**INSTRUCTIONS TO FOLLOW**
Copy out all of the entries below without any change.

**SUPPLIED RECORDS**
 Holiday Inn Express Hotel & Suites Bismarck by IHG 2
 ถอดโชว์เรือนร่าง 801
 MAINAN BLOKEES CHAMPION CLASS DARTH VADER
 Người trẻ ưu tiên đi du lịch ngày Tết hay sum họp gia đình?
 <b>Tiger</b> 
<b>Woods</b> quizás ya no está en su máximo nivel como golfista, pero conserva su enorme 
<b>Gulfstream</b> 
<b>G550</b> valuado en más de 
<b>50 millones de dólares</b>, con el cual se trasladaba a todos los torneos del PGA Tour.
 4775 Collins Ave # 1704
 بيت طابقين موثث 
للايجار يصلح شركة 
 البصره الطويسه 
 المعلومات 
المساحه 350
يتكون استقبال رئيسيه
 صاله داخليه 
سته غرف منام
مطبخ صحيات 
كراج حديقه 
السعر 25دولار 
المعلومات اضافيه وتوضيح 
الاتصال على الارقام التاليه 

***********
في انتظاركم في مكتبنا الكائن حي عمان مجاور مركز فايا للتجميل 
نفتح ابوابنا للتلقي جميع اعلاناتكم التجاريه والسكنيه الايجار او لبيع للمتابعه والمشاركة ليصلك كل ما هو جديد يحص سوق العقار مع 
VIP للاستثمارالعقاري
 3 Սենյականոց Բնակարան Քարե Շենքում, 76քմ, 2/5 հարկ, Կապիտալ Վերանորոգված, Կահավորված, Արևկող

**PROBLEM SOLUTION**
 Holiday Inn Express Hotel & Suites Bismarck by IHG 2
 ถอดโชว์เรือนร่าง 801
 MAINAN BLOKEES CHAMPION CLASS DARTH VADER
 Người trẻ ưu tiên đi du lịch ngày Tết hay sum họp gia đình?
 <b>Tiger</b> 
<b>Woods</b> quizás ya no está en su máximo nivel como golfista, pero conserva su enorme 
<b>Gulfstream</b> 
<b>G550</b> valuado en más de 
<b>50 millones de dólares</b>, con el cual se trasladaba a todos los torneos del PGA Tour.
 4775 Collins Ave # 1704
 بيت طابقين موثث 
للايجار يصلح شركة 
 البصره الطويسه 
 المعلومات 
المساحه 350
يتكون استقبال رئيسيه
 صاله داخليه 
سته غرف منام
مطبخ صحيات 
كراج حديقه 
السعر 25دولار 
المعلومات اضافيه وتوضيح 
الاتصال على الارقام التاليه 

***********
في انتظاركم في مكتبنا الكائن حي عمان مجاور مركز فايا للتجميل 
نفتح ابوابنا للتلقي جميع اعلاناتكم التجاريه والسكنيه الايجار او لبيع للمتابعه والمشاركة ليصلك كل ما هو جديد يحص سوق العقار مع 
VIP للاستثمارالعقاري
 3 Սենյականոց Բնակարան Քարե Շենքում, 76քմ, 2/5 հարկ, Կապիտալ Վերանորոգված, Կահավորված, Արևկող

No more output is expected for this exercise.